[Short text fragments from websites]
*-*-*

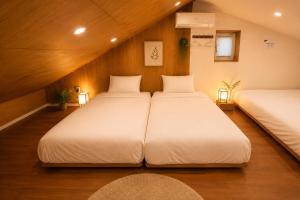 two beds in a room with wood paneling at On Stay - Hotel Quality Stay in Seoul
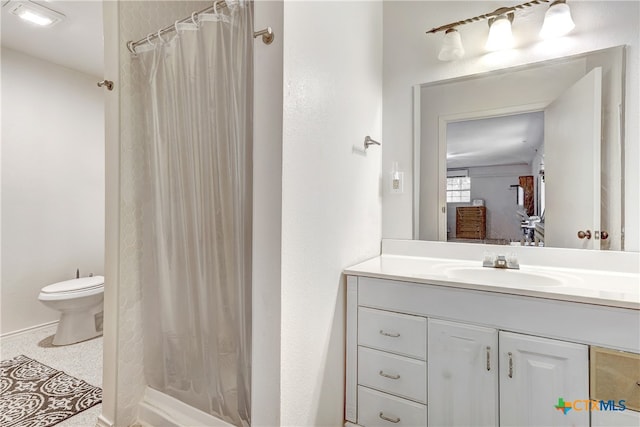 bathroom featuring walk in shower, vanity, and toilet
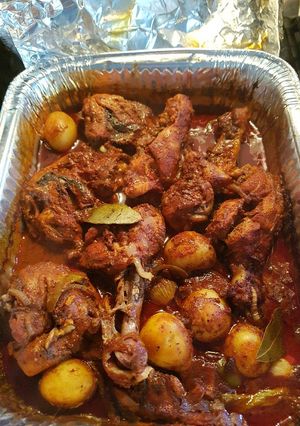 Una foto de Pollo con jugo al horno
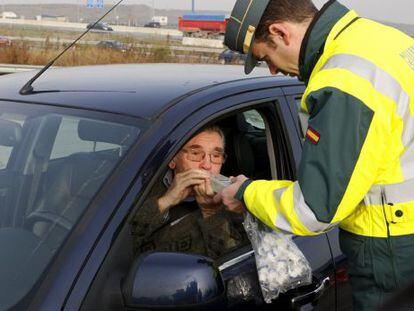 Un conductor realiza una prueba de alcoholemia en un control a instancias de un guardia civil de tráfico.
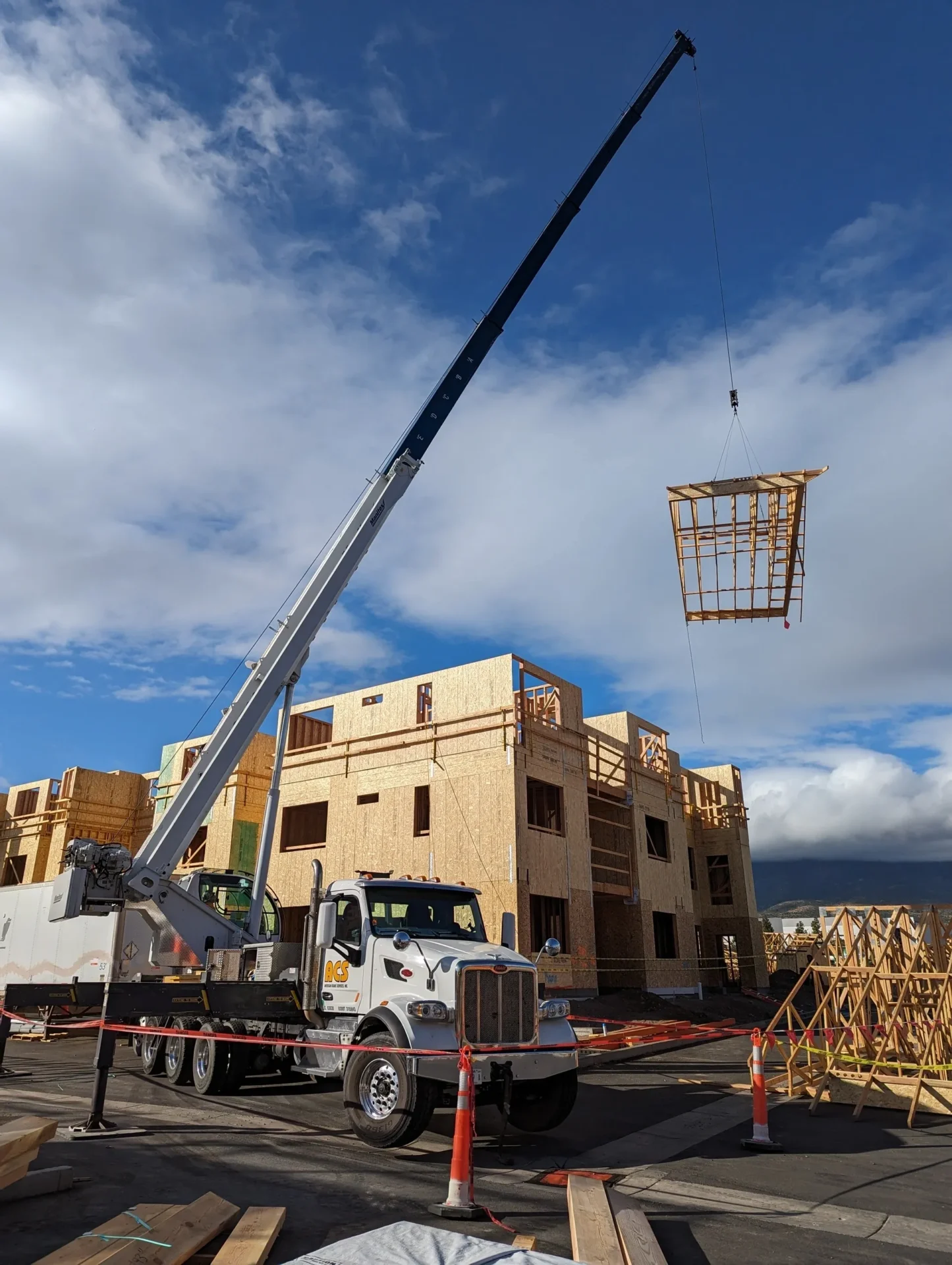 A crane is lifting a wooden structure into the air.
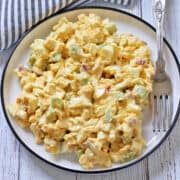 Egg salad is served on a plate with a fork.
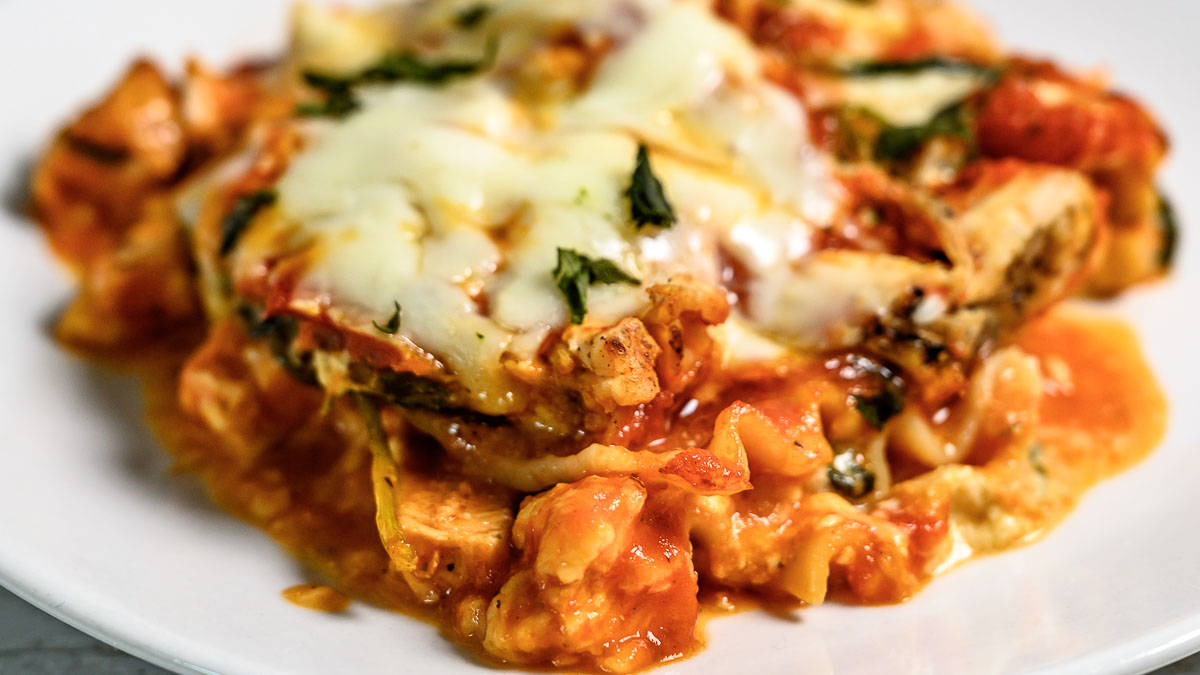 chicken and spinach lasagna on a plate.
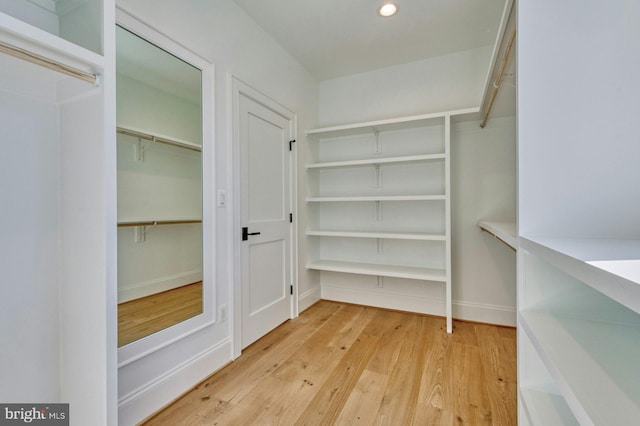 spacious closet with light wood finished floors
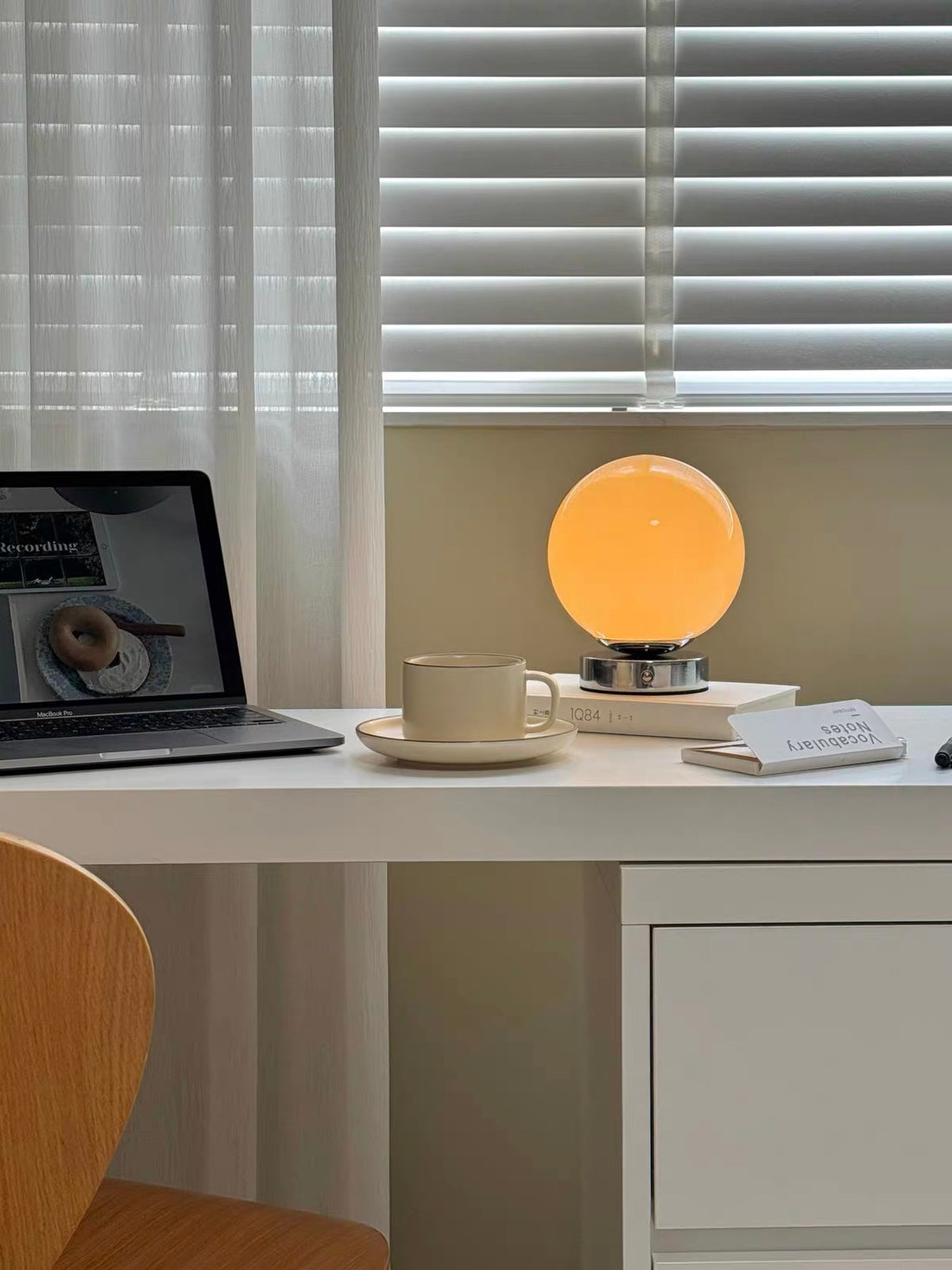 Table lamp with a round orange shade on a desk next to a cup and books, with blinds in the background.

*-*-*

- **Task**:
Only the lines from the one with "A crane is lifting" through the final line of the entries above are to be repeated, exactly as written and without pictures.

- **Task result**:
 A crane is lifting a wooden structure into the air.
 Egg salad is served on a plate with a fork.
 chicken and spinach lasagna on a plate.
 spacious closet with light wood finished floors
 Table lamp with a round orange shade on a desk next to a cup and books, with blinds in the background.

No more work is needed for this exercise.